Personal information
- Full name: Jonathan Richard Turnbull
- Born: 13 November 1962 (age 63) Northwood, Middlesex, England
- Batting: Right-handed
- Bowling: Right-arm medium

Domestic team information
- 1983–1984: Oxford University

Career statistics
| Competition | First-class |
| Matches | 12 |
| Runs scored | 17 |
| Batting average | 1.88 |
| 100s/50s | –/– |
| Top score | 6 |
| Balls bowled | 1,326 |
| Wickets | 15 |
| Bowling average | 51.86 |
| 5 wickets in innings | – |
| 10 wickets in match | – |
| Best bowling | 4/51 |
| Catches/stumpings | 8/– |
- Source: Cricinfo, 10 April 2020

= Jonathan Turnbull =

English cricketer (born 1962)

Jonathan Richard Turnbull (born 13 November 1962) is an English former first-class cricketer.
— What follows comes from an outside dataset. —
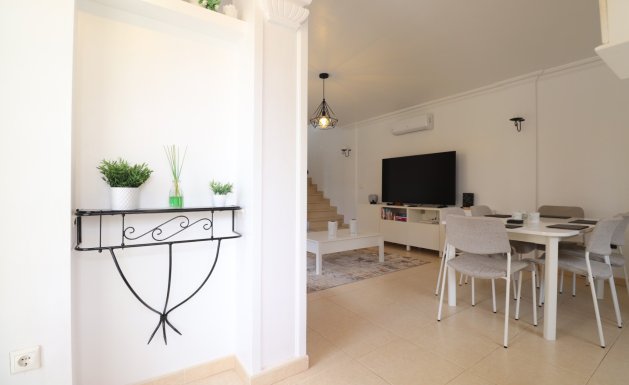 Herverkoop - Semi Detached Villa - Montesinos - La Herrada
Turnbull was born at Northwood in November 1962. He was educated at Merchant Taylors' School, before going up to Jesus College, Oxford. While studying at Oxford, he played first-class cricket for Oxford University in 1983 and 1984, making twelve appearances against county opposition. Playing as a right-arm medium pace bowler, Turnbull took 15 wickets at an average of 51.86 in his twelve matches, with best figures of 4 for 51.